### Exercise brief
No pictures should appear in the copy. Reproduce exactly the lines from the one containing "Tom &amp; Jerry 6/1983" through the end of the material below.

### Given material
——
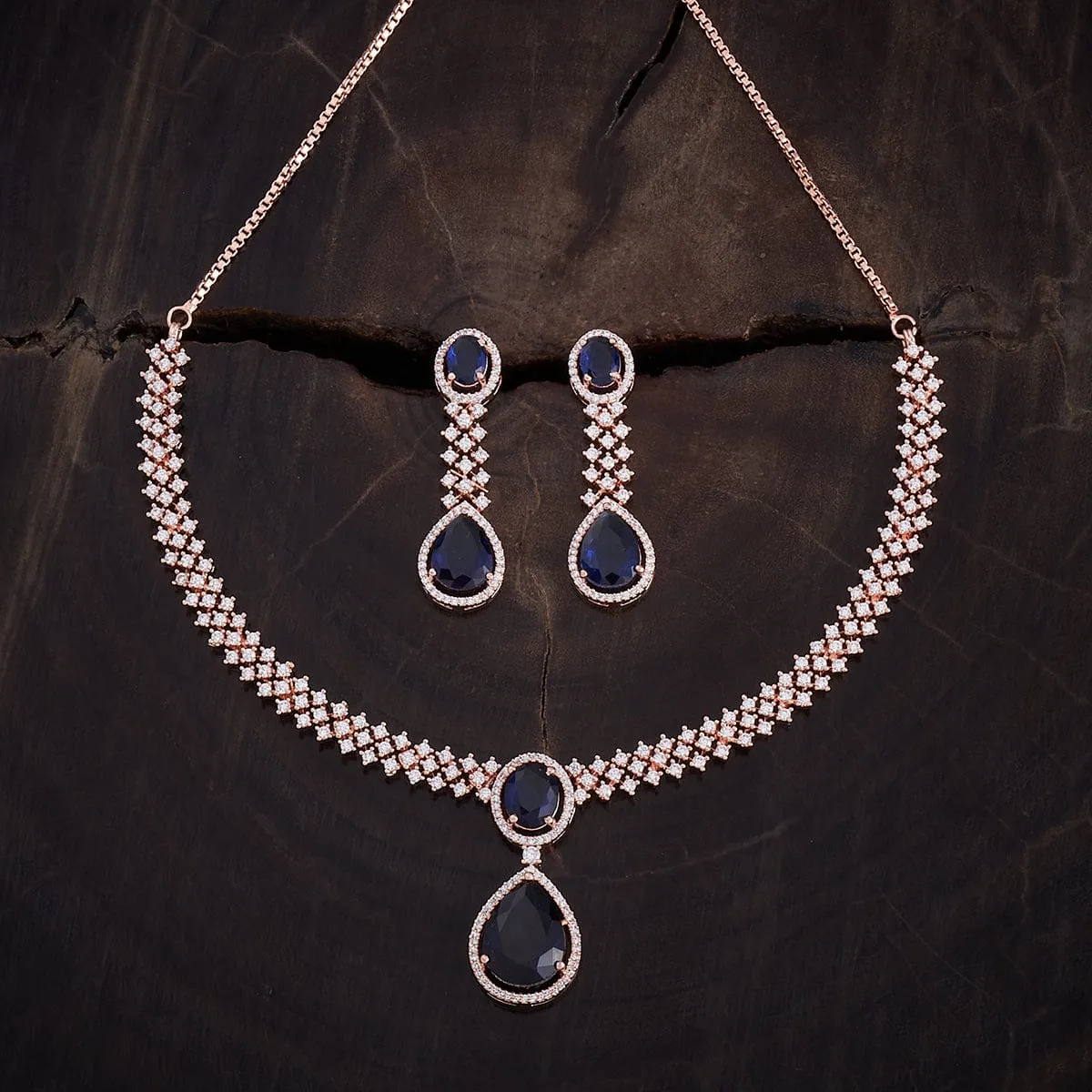 Zircon Necklace 157289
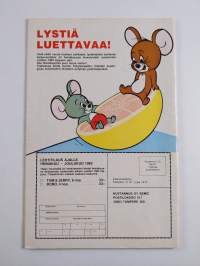 Tom &amp; Jerry 6/1983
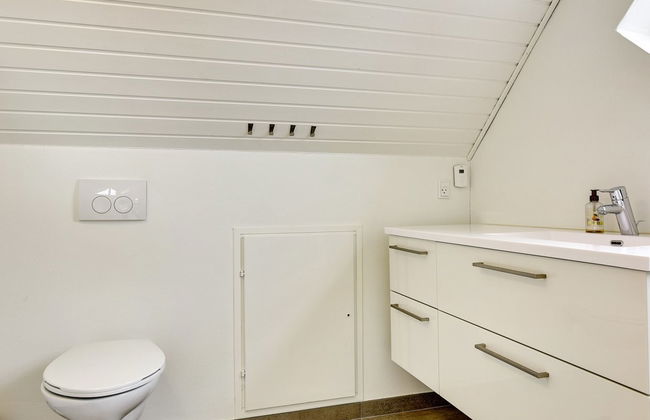 Casa de 4 quartos em Hjørring com terraço - Foto 12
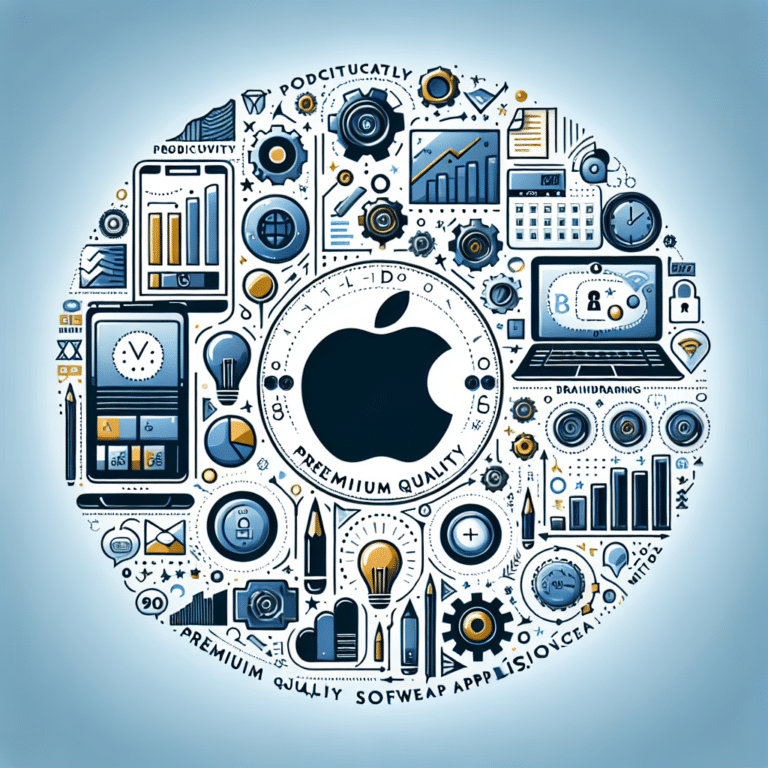 premium productivity apps for Mac and Windows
——
### Your solution
 Tom &amp; Jerry 6/1983
 Casa de 4 quartos em Hjørring com terraço - Foto 12
 premium productivity apps for Mac and Windows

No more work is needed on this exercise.